━━━━━ DATA PROVIDED
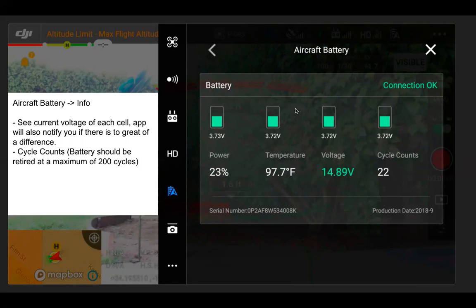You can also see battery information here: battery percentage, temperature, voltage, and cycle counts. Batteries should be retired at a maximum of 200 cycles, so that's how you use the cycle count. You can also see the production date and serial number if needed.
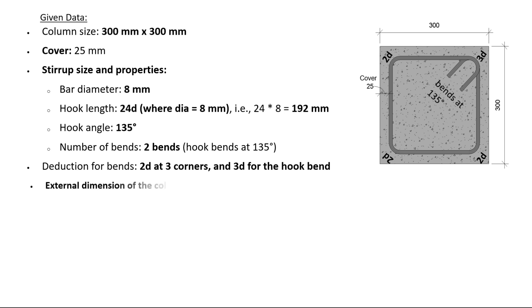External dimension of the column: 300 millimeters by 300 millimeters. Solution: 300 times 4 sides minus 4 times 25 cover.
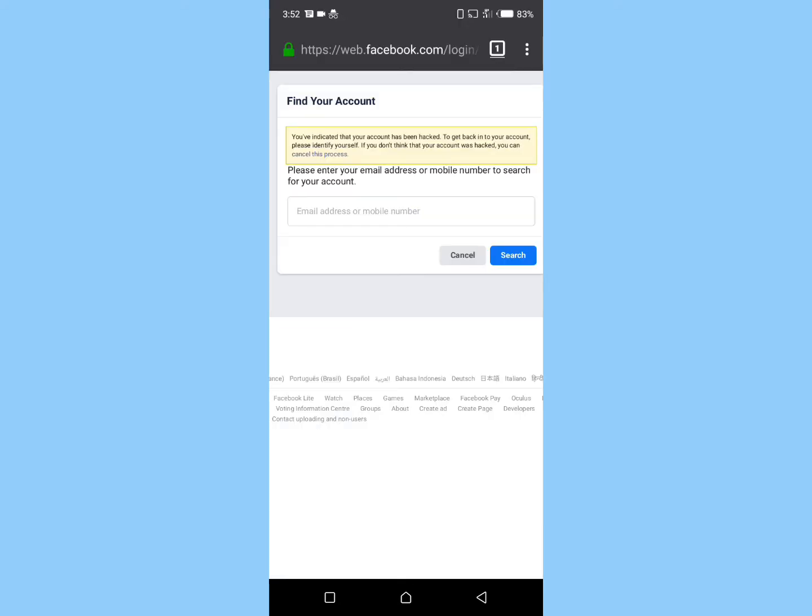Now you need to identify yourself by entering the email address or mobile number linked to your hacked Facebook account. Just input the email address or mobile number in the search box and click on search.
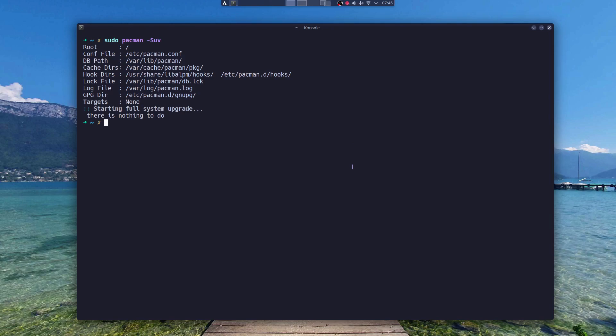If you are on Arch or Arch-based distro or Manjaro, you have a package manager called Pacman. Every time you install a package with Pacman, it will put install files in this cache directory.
━━━━━━━━━━
▶ [YOUR OBJECTIVE]: Copy each line above precisely, dropping the pictures.

▶ [SOLVED PROBLEM]:
You can also see battery information here: battery percentage, temperature, voltage, and cycle counts. Batteries should be retired at a maximum of 200 cycles, so that's how you use the cycle count. You can also see the production date and serial number if needed.
External dimension of the column: 300 millimeters by 300 millimeters. Solution: 300 times 4 sides minus 4 times 25 cover.
Now you need to identify yourself by entering the email address or mobile number linked to your hacked Facebook account. Just input the email address or mobile number in the search box and click on search.
If you are on Arch or Arch-based distro or Manjaro, you have a package manager called Pacman. Every time you install a package with Pacman, it will put install files in this cache directory.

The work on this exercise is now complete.